Hence the point of the Rockford assignment not just for him, but for fellow forward Nick Schmaltz. The two, who had their ups and downs in their first few months with the Blackhawks, are currently linemates (with Spencer Abbott) in Rockford. And while it was disappointing to leave Chicago, both know the work they do with the IceHogs now will benefit them going forward.

"I'm playing a lot of minutes and my offensive game has been improving and I've been making plays and playing well with the puck," said Schmaltz, who has six goals and three assists in 12 games with Rockford. "Hopefully I can keep that going and keep building my confidence."

Rockford coach Ted Dent said both have looked good with the IceHogs.

"[Schmaltz] has been good. He's handling the puck and he's playing in all situations – we're using him on the penalty kill as well sometimes. He looks comfortable," Dent said. "[Motte's] got a really good power move to the net on the right and left-wing side, because he's not afraid to go to the net and protect the puck, which is one of his strengths."

Motte has three goals and an assist in four games with the IceHogs. Anyone who saw Motte in his first few NHL games saw his power move to the net, one where he would out-hustle defenders and score a few goals in the process. But after returning from his injury, Motte didn't have that same drive.

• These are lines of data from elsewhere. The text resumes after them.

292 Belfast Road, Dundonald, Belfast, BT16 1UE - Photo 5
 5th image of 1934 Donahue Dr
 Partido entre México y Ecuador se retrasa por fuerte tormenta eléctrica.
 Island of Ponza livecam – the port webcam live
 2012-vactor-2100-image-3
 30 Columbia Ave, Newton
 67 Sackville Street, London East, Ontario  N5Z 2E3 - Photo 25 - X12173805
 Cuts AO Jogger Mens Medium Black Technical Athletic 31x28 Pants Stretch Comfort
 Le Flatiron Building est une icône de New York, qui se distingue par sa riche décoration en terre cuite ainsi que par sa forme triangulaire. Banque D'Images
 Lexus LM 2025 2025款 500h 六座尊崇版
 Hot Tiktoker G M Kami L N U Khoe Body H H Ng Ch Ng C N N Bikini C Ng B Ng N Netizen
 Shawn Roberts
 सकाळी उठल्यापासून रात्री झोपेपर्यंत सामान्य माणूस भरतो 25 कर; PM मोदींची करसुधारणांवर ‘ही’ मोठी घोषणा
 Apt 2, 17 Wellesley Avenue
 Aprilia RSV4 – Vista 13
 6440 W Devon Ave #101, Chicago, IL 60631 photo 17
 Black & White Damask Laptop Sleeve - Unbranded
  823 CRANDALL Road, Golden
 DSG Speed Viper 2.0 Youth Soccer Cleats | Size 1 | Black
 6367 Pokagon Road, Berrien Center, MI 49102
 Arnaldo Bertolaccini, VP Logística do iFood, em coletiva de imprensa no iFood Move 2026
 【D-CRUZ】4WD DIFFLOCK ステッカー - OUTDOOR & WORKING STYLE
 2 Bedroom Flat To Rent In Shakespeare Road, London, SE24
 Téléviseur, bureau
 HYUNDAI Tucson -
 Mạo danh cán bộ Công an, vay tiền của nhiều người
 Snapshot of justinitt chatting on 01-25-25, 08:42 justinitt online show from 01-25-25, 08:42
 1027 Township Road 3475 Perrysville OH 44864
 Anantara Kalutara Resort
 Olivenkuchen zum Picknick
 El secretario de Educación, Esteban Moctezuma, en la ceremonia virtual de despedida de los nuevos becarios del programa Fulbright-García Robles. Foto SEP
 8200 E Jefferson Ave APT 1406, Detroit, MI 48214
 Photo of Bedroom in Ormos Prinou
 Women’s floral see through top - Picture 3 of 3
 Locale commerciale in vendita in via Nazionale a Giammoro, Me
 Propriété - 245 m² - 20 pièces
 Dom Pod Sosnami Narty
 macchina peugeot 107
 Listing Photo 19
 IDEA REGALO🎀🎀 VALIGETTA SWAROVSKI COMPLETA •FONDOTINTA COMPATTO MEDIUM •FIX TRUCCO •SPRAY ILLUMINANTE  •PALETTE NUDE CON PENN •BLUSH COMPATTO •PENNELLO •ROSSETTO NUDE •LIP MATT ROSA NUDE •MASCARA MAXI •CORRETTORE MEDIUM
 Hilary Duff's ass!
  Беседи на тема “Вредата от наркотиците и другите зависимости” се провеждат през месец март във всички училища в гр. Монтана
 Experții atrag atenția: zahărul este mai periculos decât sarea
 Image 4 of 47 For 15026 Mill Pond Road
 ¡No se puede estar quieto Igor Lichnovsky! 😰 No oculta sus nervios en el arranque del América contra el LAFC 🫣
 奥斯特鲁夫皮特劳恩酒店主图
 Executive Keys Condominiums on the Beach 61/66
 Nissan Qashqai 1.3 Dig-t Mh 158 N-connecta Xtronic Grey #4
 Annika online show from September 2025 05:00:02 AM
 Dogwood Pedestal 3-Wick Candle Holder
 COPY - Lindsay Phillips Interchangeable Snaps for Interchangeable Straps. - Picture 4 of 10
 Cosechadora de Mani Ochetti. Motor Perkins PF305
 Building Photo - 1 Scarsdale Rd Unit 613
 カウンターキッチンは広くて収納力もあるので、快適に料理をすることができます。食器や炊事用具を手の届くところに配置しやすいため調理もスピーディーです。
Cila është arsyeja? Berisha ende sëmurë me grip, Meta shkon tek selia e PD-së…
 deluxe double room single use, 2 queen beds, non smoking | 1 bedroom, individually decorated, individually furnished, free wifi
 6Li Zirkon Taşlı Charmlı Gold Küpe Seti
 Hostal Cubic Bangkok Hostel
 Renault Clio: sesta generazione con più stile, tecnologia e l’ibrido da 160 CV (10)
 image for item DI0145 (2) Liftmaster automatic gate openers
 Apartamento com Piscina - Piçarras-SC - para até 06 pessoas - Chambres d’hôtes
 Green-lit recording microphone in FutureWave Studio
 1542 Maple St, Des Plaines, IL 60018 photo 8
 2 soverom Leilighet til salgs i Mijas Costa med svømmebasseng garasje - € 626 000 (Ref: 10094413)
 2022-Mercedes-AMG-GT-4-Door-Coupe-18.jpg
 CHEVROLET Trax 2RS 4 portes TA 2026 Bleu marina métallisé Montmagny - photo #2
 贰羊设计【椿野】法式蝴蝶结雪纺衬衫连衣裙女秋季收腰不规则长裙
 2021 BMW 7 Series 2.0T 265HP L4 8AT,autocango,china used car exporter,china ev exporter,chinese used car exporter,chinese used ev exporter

"I don't think anyone comes back 100 percent right away after any injury but the injury itself can't be an excuse," said Motte, who added that he now feels as close to 100 percent as he has all season. "I don't think I played my best when I came back, was put in a little different role when I did come back, didn't see quite the same opportunities I had before. But again there's no excuse for not playing to the best of my ability and contribute more when I was up there."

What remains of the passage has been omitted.